A Vero.
En el principio, Dios creó al mundo, y vio que era bueno. Después creó al hombre, para que dominara sobre todas las especies de la tierra. El hombre, a su vez, creó la civilización y reformó la obra de Dios.
Con el tiempo, el mundo se transformó; siguió habiendo bondad, pero era cada vez más escasa, igual que las especies sobre las que el hombre había ejercido su dominio, desapareciéndolas.
En medio del caos, Dios hizo a una niña, diferente a las personas que habitaban la tierra; disconforme, insumisa, afectuosa y soñadora.
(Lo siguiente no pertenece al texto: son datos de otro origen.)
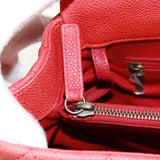 Chanel Quilted Portobello Tote Orange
Fue así, luego de que la niña cumpliese seis añitos, que Dios pensó en crearle un compañero, con el que se encontraría una vez que sus almas empataran. Tomó pues algo de tierra, hizo una masita con ella y formo a este ser: imperfecto como todos, si acaso más, pero con la capacidad suficiente de hacer feliz a aquella jovencita quijotesca.
Sucedió entonces que, pasados varios años, inmersas en la cotidianidad, estas dos almas se encontrarían para bautizar el nuevo mundo, el que ambos habían soñado y alimentado por separado; aquel que curiosa o predestinadamente tenían que compartir: su propio mundo, el de esta Eva y su Adán.